• Work instructions: Copy exactly the stretch of data below from the line with "Elektromos törölközőszárító radiátor" through the line with "Pink & White Arrows Digital Papers", including both of those lines.

• The input:
● ● ● ●
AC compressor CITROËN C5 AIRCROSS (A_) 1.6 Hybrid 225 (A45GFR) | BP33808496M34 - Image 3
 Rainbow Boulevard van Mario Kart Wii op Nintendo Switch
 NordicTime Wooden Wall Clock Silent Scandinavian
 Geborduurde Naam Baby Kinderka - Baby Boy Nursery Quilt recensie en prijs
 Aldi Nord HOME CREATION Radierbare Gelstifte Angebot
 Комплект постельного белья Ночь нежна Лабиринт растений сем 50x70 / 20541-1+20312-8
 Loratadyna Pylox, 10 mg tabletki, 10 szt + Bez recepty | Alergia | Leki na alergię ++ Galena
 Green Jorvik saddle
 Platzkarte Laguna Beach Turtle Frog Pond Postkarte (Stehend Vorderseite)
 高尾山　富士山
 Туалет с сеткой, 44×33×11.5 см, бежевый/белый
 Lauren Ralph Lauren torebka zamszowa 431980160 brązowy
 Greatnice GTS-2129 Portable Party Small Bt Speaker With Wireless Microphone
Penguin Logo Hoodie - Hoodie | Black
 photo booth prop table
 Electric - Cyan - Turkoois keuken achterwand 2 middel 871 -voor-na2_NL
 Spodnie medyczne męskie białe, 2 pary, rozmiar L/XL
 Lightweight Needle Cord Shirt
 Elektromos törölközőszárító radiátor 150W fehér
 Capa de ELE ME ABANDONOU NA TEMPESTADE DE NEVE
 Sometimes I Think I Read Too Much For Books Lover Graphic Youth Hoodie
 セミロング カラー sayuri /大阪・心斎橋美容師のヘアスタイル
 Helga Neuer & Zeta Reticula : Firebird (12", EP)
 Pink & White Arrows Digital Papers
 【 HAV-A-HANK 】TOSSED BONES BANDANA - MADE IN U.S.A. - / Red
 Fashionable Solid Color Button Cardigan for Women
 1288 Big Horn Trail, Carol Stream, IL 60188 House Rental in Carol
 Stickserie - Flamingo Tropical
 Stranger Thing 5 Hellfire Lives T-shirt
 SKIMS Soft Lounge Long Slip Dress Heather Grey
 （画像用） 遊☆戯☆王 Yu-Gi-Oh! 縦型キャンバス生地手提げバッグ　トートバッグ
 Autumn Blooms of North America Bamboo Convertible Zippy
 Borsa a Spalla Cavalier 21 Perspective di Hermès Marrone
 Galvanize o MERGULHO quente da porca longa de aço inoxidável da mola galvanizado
● ● ● ●
• Answer to this exercise:
 Elektromos törölközőszárító radiátor 150W fehér
 Capa de ELE ME ABANDONOU NA TEMPESTADE DE NEVE
 Sometimes I Think I Read Too Much For Books Lover Graphic Youth Hoodie
 セミロング カラー sayuri /大阪・心斎橋美容師のヘアスタイル
 Helga Neuer & Zeta Reticula : Firebird (12", EP)
 Pink & White Arrows Digital Papers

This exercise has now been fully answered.